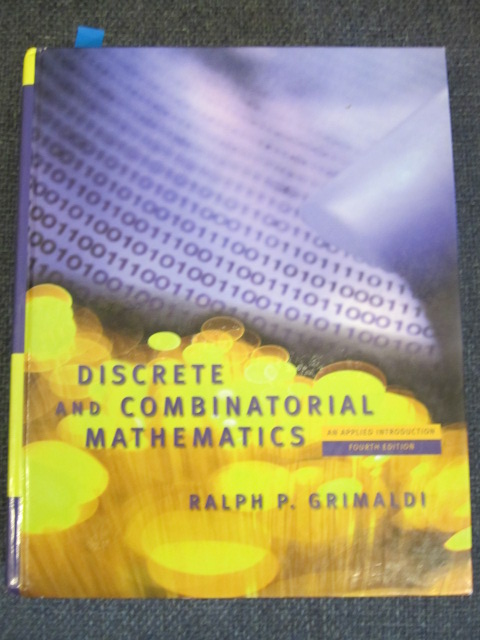 Image for Discrete and Combinatorial Mathematics : An Applied Introduction Fourth Edition 4th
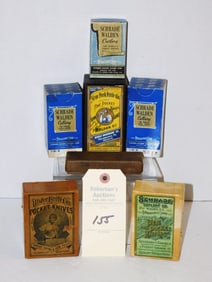 Lot of 6 Empty Knife Boxes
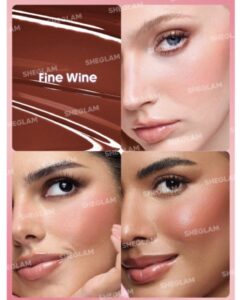 خرید رژگونه مایع شیگلم color bloom رنگ fine wine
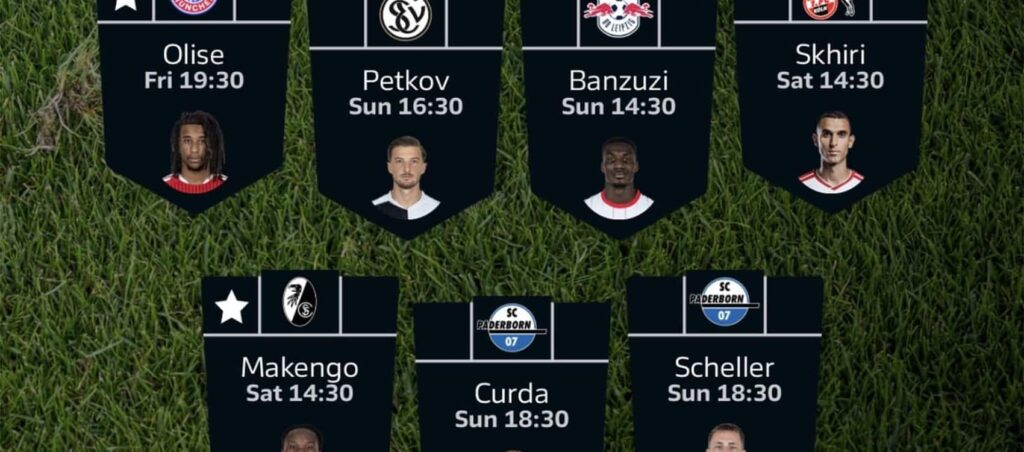 Fantasy Bundesliga Matchday 4 team reveals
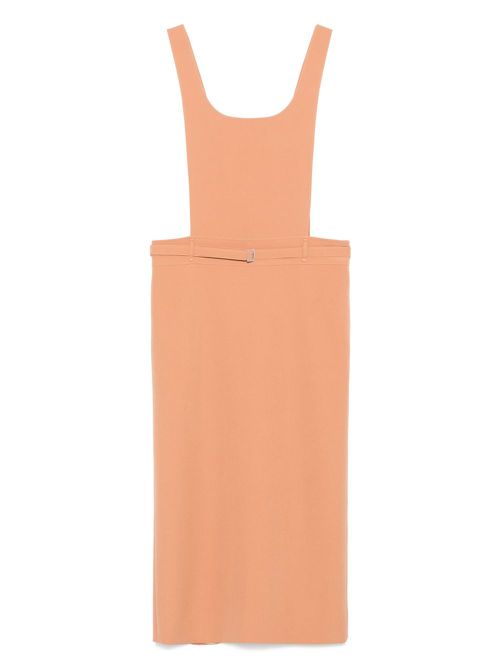 A.M.G. sleeveless midi dress - Brown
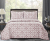European new design reverse jacquard 3 pcs set yarn dyed TC bedding air conditioning bedspread pillowshams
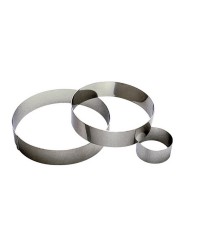 CERCLE À MOUSSE INOX DIAMÈTRE 80x45 MM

_Work to complete_
Give back exactly the lines from the line with "European new design" through the final line of the entries above, and keep pictures out of the copy.

_Result of this exercise_
European new design reverse jacquard 3 pcs set yarn dyed TC bedding air conditioning bedspread pillowshams
 CERCLE À MOUSSE INOX DIAMÈTRE 80x45 MM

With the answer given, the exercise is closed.